Only a tiny minority of Chinese characters are pictographic, and most characters have a phonetic element. You'll have a better chance guessing the pronunciation of a random Chinese character than guessing the meaning of a random Chinese character.
The value of iconocity in the more pictographic characters is more of a mnemonic tool. It's much easier to remember the meaning of the more pictographic ones.
> gaining so much regional identity and independence that they want to do a Brexit of their own.

Yeah, I'm pretty sure they've wanted their own Brexit from day 1. At least Hong Kong does, and even Taiwan probably too. Especially Taiwan. I feel sorry for Taiwan, watching stuff like this (http://reason.com/blog/2014/09/30/hong-kong-student-begs-for...) from Hong Kong and knowing that's a real possibility for them. At least the pro-China people in Taiwan (yes, they exist) will have to reevaluate their opinions after seeing how China has handled the Hong Kong return...
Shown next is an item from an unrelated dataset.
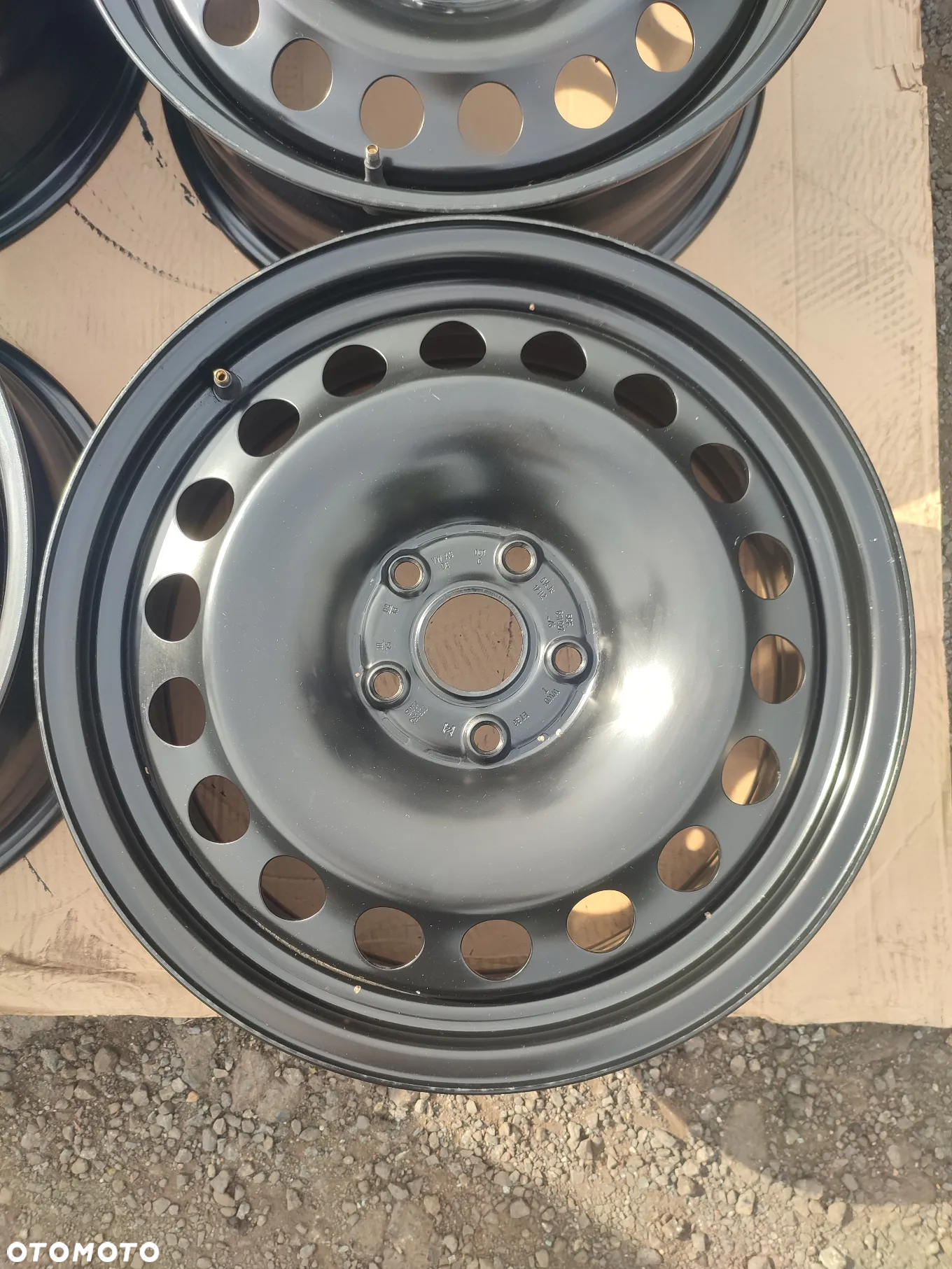 Felgi stalowe VW Volkswagen 17 cali 5x112 6.5Jx17 ET38 - 2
It is important to note that China had alphabetic systems, like Mongolian, since a long time ago. It was a conscious decision not to use them.

Learning to write and read is much easier in alphabetic so the elite opposed it from the start as they viewed it as a menace to their status.

They were right, when people in Europe could read Calvino's printed Bible and own one themselves it changed the status quo radically, creating lots of problems to the people on top. Before printing it took three years of a worker salary to copy a book.

The same process happened in Korea and Japan, with equivalent systems to alphabetic, the difference is that in China elites won, because it was central planned. It was not easy though, specially at first it faced very strong opposition in these small countries.

"as though Europe had thrown away Latin and decided to enforce French across the continent."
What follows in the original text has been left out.